-- Opening Marker --
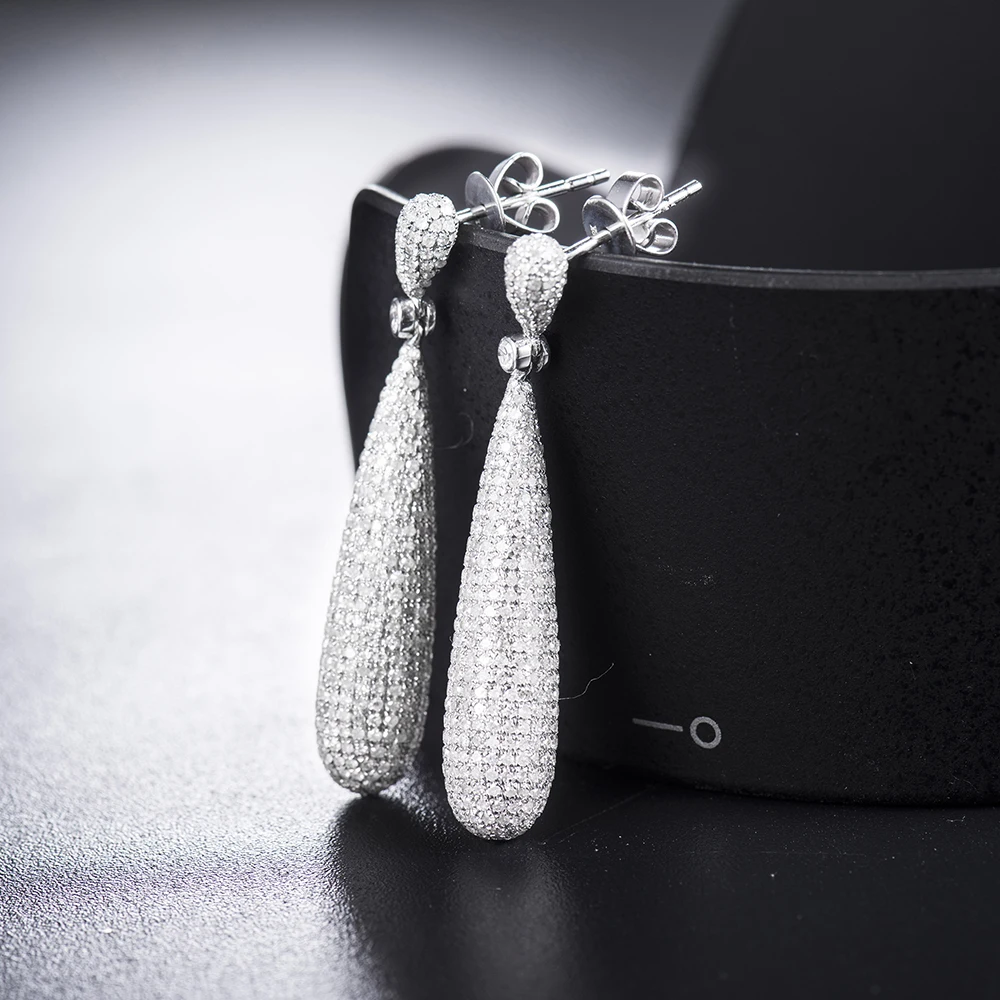 Женские серьги 14kt длинные золотистые для продажи расположенные в двух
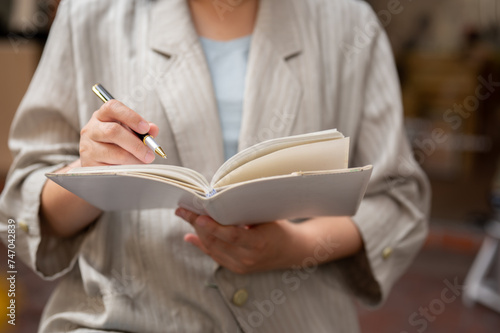 A businesswoman holding her notebook and taking notes in it, listing her ideas.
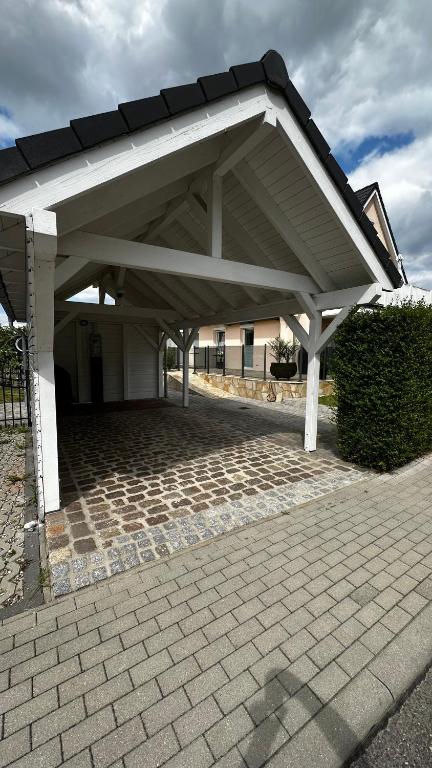 a large white pavilion with a brick patio at SONNENSEITE 2 in Laboe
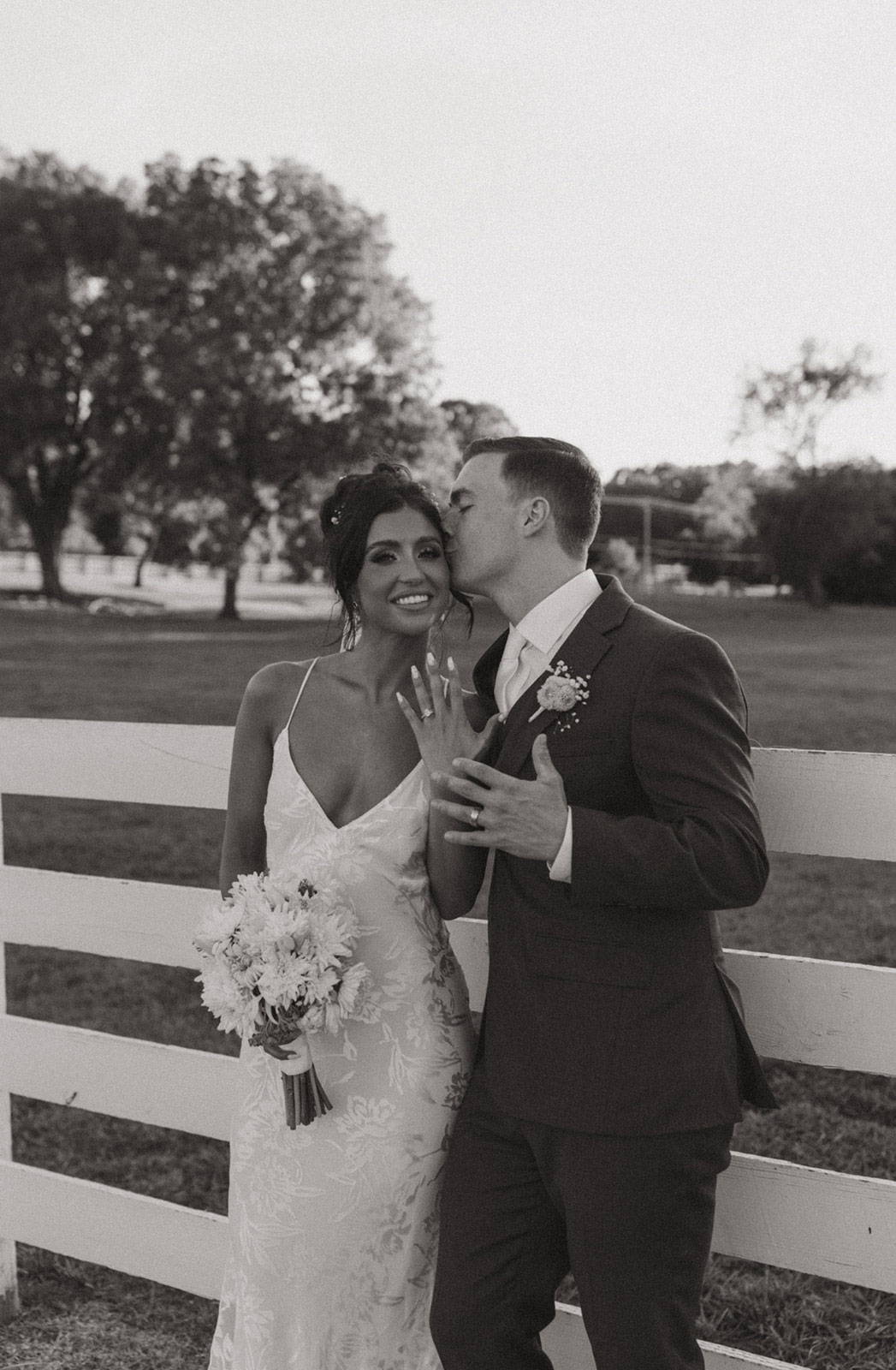 Bride and Groom showing off rings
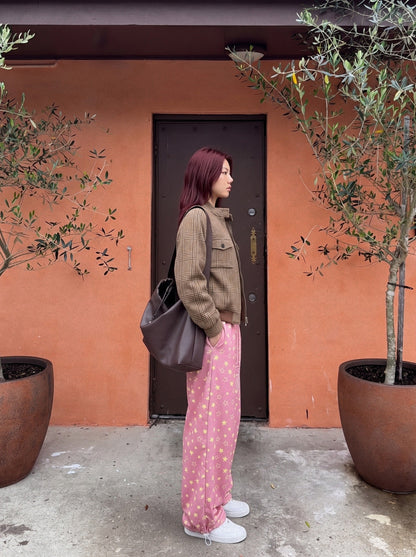 Wide-leg star print trousers shown in a relaxed full-length view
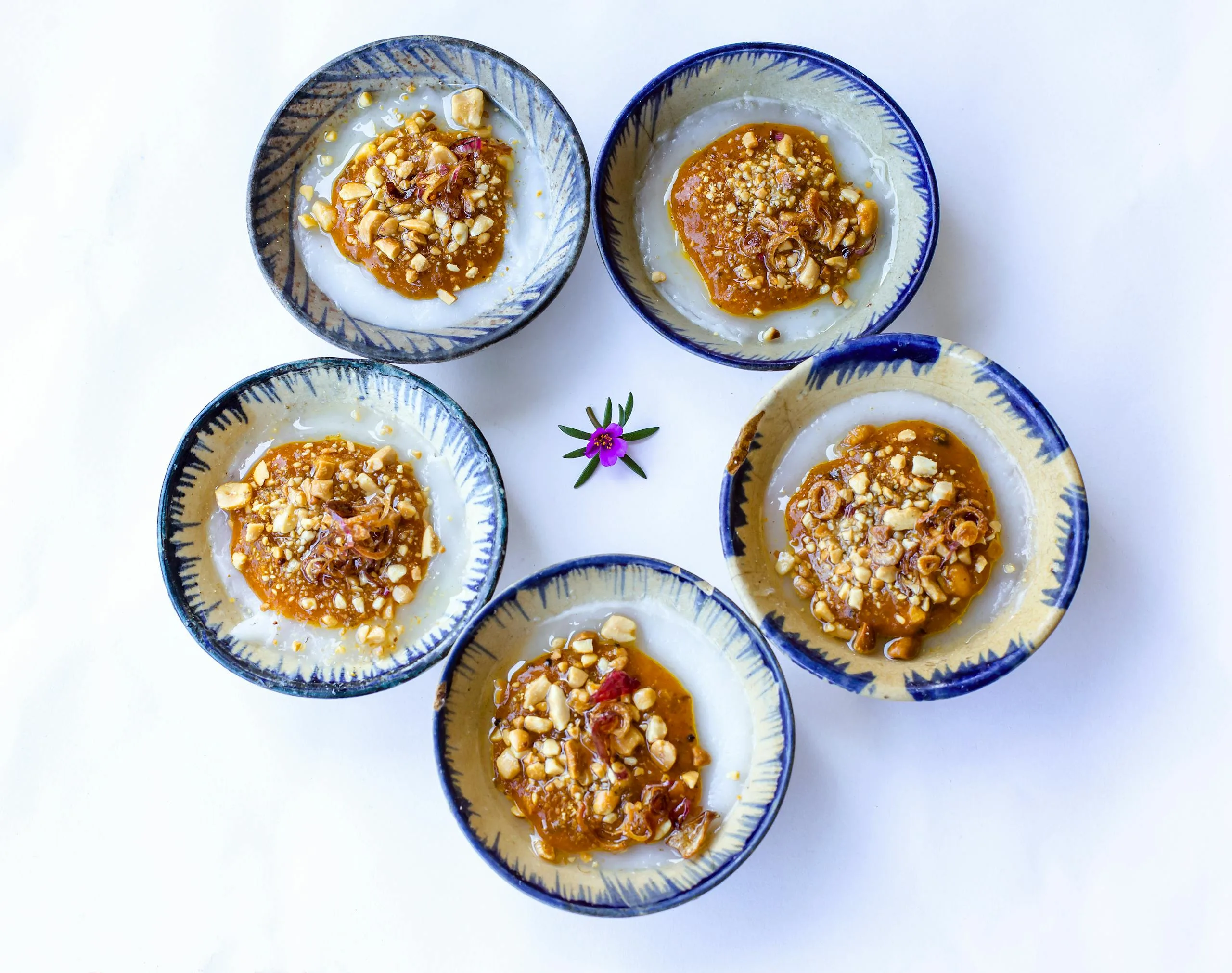 Traditional Vietnamese bánh bèo rice cakes topped with savory nut and shallot mix.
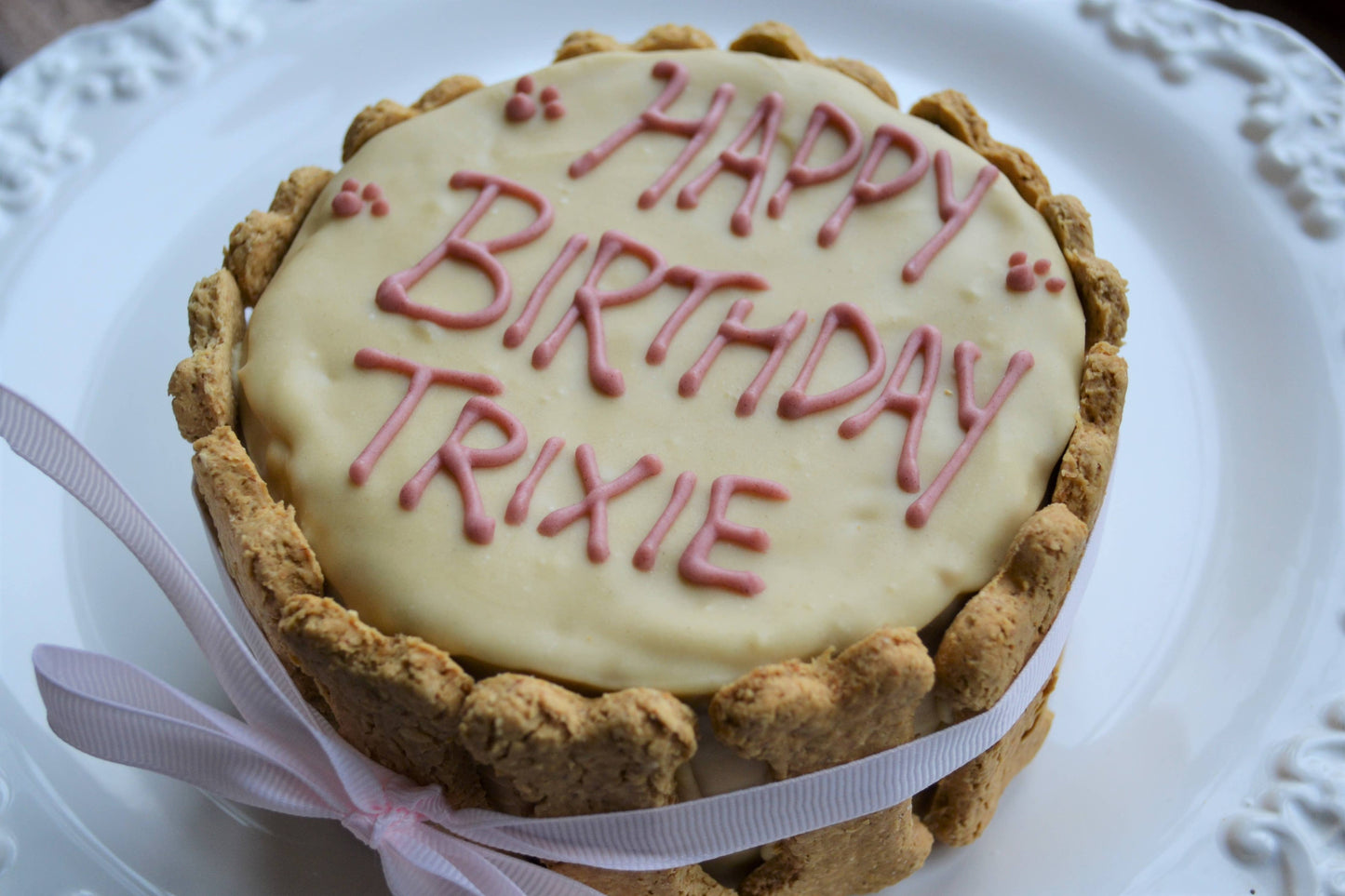 Dog birthday cake with 'Happy Birthday Trixie' on a white plate
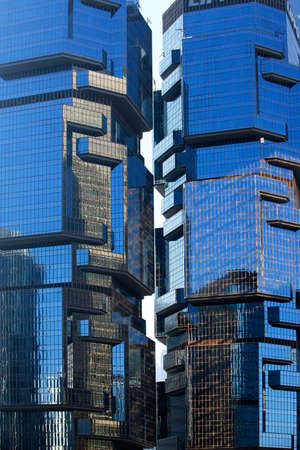 Hong Kong, Hong Kong SAR - December 29, 2014: twin-tower skyscraper complex completed in 1988 at 89 Queensway, in Admiralty on Hong Kong Island in Hong Kong, China. Tower I is 172 m 564.3 ft with 44 storeys, and Tower II is 186 m 610.2 ft with 48 storeys.のeditorial素材
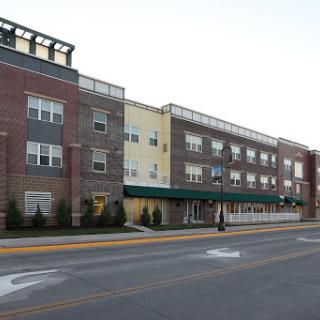 A multi-story commercial building in an urban setting.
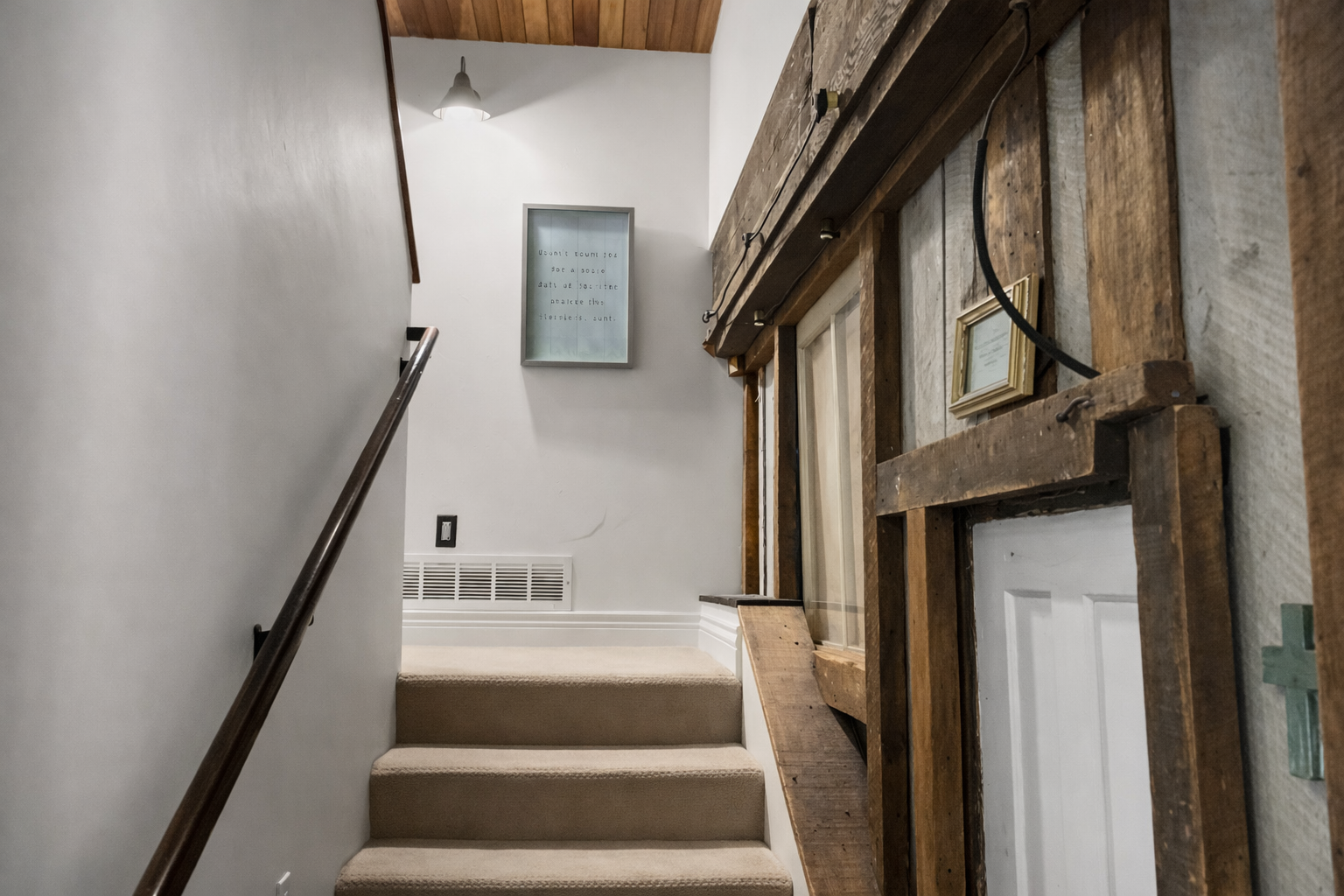 Step into your historic retreat where exposed wooden beams and modern comfort blend seamlessly, creating an inviting stairway to your upstairs sanctuary.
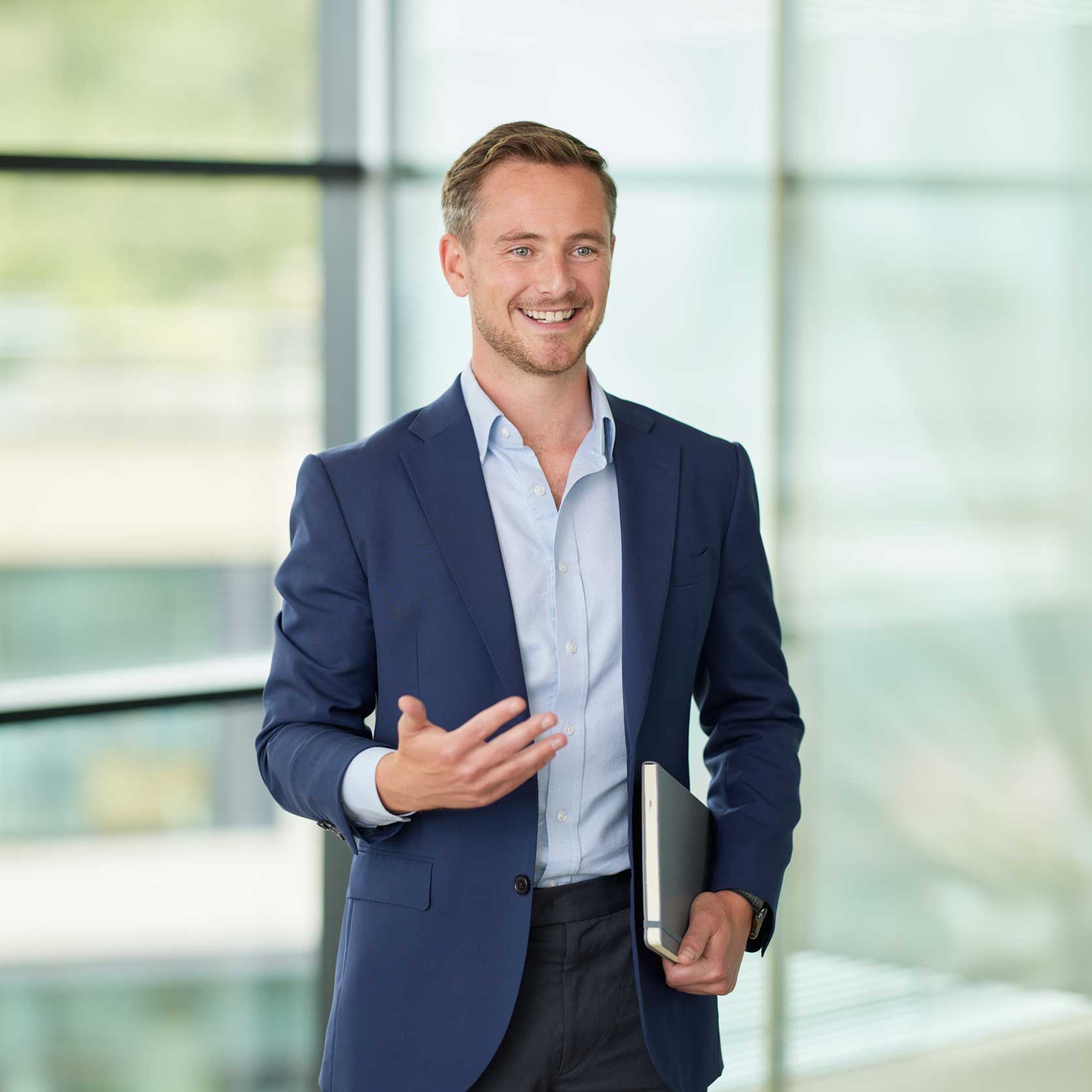 Jake Halliday standing while clutching a notepad.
-- Closing Marker --
▸ EXERCISE
Each line of the data must be transcribed exactly; pictures are not carried over.

▸ EXERCISE OUTPUT
 Женские серьги 14kt длинные золотистые для продажи расположенные в двух
 A businesswoman holding her notebook and taking notes in it, listing her ideas.
 a large white pavilion with a brick patio at SONNENSEITE 2 in Laboe
 Bride and Groom showing off rings
 Wide-leg star print trousers shown in a relaxed full-length view
 Traditional Vietnamese bánh bèo rice cakes topped with savory nut and shallot mix.
 Dog birthday cake with 'Happy Birthday Trixie' on a white plate
 Hong Kong, Hong Kong SAR - December 29, 2014: twin-tower skyscraper complex completed in 1988 at 89 Queensway, in Admiralty on Hong Kong Island in Hong Kong, China. Tower I is 172 m 564.3 ft with 44 storeys, and Tower II is 186 m 610.2 ft with 48 storeys.のeditorial素材
 A multi-story commercial building in an urban setting.
 Step into your historic retreat where exposed wooden beams and modern comfort blend seamlessly, creating an inviting stairway to your upstairs sanctuary.
 Jake Halliday standing while clutching a notepad.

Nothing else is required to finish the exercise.